=== Work required ===
Although the data below contains pictures, output only the lines between those holding "My husband caught" and "Вид с балкона", inclusive, exactly and without those pictures.

··· Stored data ···

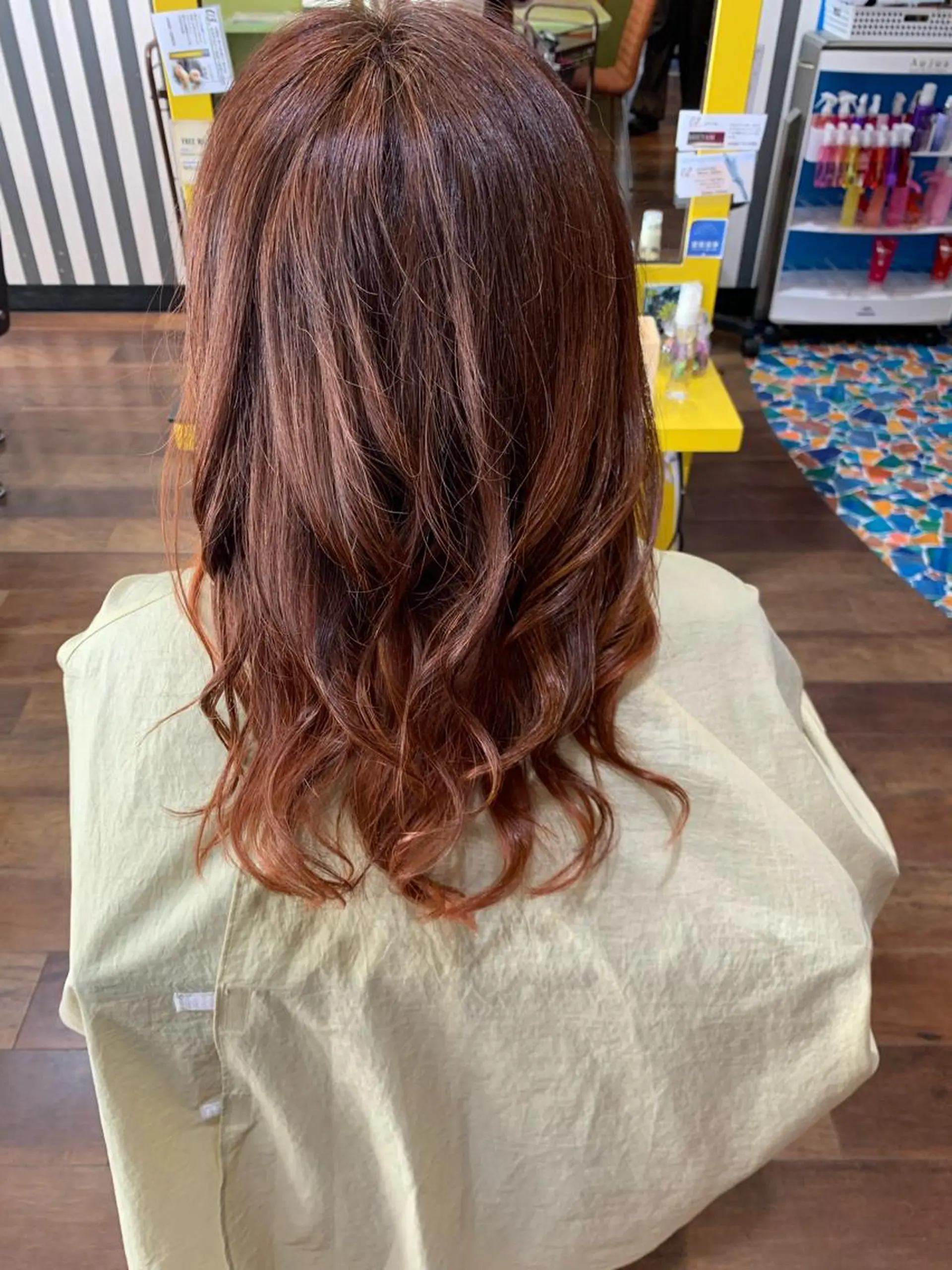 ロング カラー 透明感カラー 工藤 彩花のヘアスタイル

···
··· Stored data ···

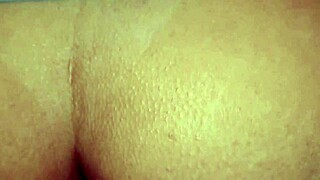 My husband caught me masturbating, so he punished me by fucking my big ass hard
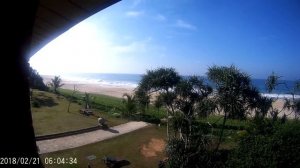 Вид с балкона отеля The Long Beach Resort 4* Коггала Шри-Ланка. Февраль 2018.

···

=== Reply ===
 My husband caught me masturbating, so he punished me by fucking my big ass hard
 Вид с балкона отеля The Long Beach Resort 4* Коггала Шри-Ланка. Февраль 2018.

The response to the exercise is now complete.